Diaries Magazine

Years of Overcoming Sexual Harassment

Posted on the 14 April 2019 by Sani09 @sani09

Most evenings tension lines form on my forehead. Most nights I can’t sleep well. I make sure the door is locked, I make sure the windows are closed, the curtains are drawn, and one or two lights remain turned on.I don’t know if growing up means living in fear because you know too many truths about how the world works. I am not sure if I can call myself very practical or a little paranoid. They say a child knows no fear and they only acquire it as they grow up through various environments. It would be fair to blame it all on my environment- toxic, untrustworthy, full of criminals. But I seldom find any solace in being blame-free. I would blame my own fearfulness as much as I would blame the environment. It was easier as a child to forgive myself, mostly because I thought when I’d grow up I’d be perfect. That there would be no mis-happenings, if that’s a word.
*One really cannot blame a thirteen-year old coming back from school in public transport, wearing a decent uniform, pressed crisp by her mother in the morning who was groped by a man in his forties. One cannot blame her that she gave him the benefit of doubt that he must have done it by mistake. One cannot blame her that she didn’t say anything to him and by the time she decided to say something the bus had reached her destination. When she reached home and told her mother, she knew she would be forgiven- it was not her fault that the man groped her, it was not her fault that she couldn’t muster the courage to throw him out of the bus or ask him to stay away. “But next time, don’t let this happen to you,” mother’s words still ring in my words. Would I let it happen to me? I wouldn’t.
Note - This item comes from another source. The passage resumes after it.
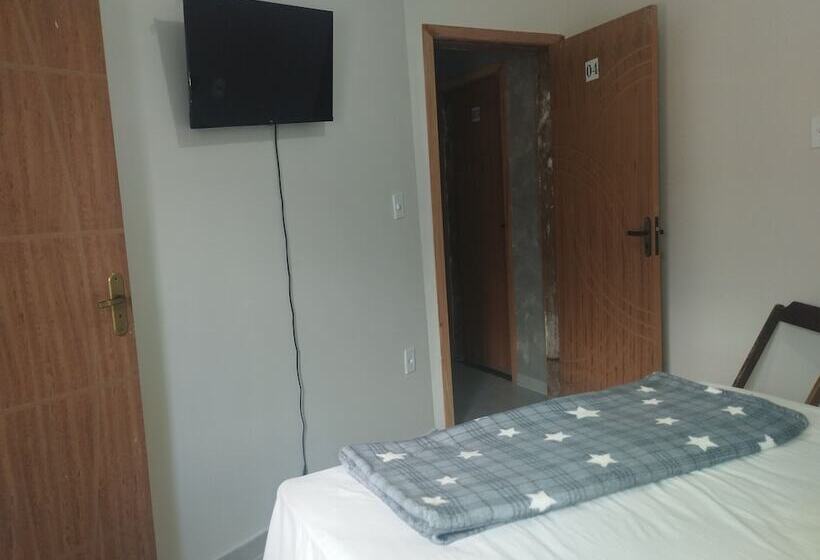 בית מלון כפרי Pousada Gomes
But if something happened, I am supposed to put an end to it. Do I have that kind of courage?
*I was seventeen when it happened again in a public transport. I was lost in my thoughts and had fallen asleep after attending extra classes in high-school. By the time I woke up and realized the hand on my breasts, the man sitting next to me had taken them away. I couldn’t utter a single word. When I reached home I didn’t even tell mother.
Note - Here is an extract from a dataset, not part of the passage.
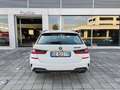 BMW 340 d Msport xDrive Touring 340cv FariLED Cerchi 19 Fehér - thumbnail 17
*I belong to a family of strong women but I mustered strength very late in my life. I was twenty-one and habituated with being lost in thoughts every time I traveled. I was on a public transport and the man sitting next to me had very casually placed his hand on my lap working his way close to the zipper of my jeans. I looked around and the bus was almost empty. I didn’t shout or scream. I was not angry. I was confused why he would do that. I said to him there were so many seats empty and why should he sit beside me on the seat reserved for ladies only.I didn’t know the strength in my meek voice until I saw him jump off a moving bus. And I didn’t even have to raise my voice. That day I felt I belonged to the family of strong woman whom I always admired. I realized nothing can break me. I had the narrative of victory in my head. It was an answer to all the previous incidences of my girlhood.*I was twenty-five and a lover of spa massages. I was getting a hair spa when I had dozed off. It was a male hair-stylist and usually they massage your shoulders and back a little from above your clothes. I realized what he was doing only when someone else walked in the room and he quickly removed his hands. The liquid put on my hair had almost dried out. He walked away asking someone else to get my hair washed.I returned back to my hostel petrified and never trusted a male hair-stylist again. I also blamed myself for not noticing the act early enough. My heart craved for revenge but I believed I couldn’t do anything. I don’t even remember the name of the salon now.
*I should grow stronger as I grow older. I am not sure I am growing up the right way.I remember my moment of utmost strength. I was twenty-seven and I dived into action so fast as if I was made to do that. It was when people complimented me for my bravery and strength that I felt weak. I felt sympathy for myself for having faced something and trusting that the world will stand by me. I felt weak in my knees for calling the offender out and making the world known that I have been a victim. Instead of the offender feeling the shame it was me who felt the shame. It was not my fault but people often asked how I “let” something like this happen to me. There were all sorts of rumours.
But I’d always be thankful to my instinct of solving the case. I was filmed at my own house from days through the window, from the end of a balcony that wasn’t easy to climb, by a boy I didn’t know who lived upstairs. When I finally saw it happen I was in a state of shock for a couple of seconds but I immediately dashed outside to catch the offender who had vanished by then. I with the help of my friends checked out the CCTV footage of the building and found out his flat number. We checked with the security and found out his name, his workplace. He made sure he left the building as soon as he was caught. I made sure he left the organization that very evening.
I was afraid for my own safety for days. I have finally left that place.
Most evenings I am afraid of men around me. Most mornings I am glad I could do what I did.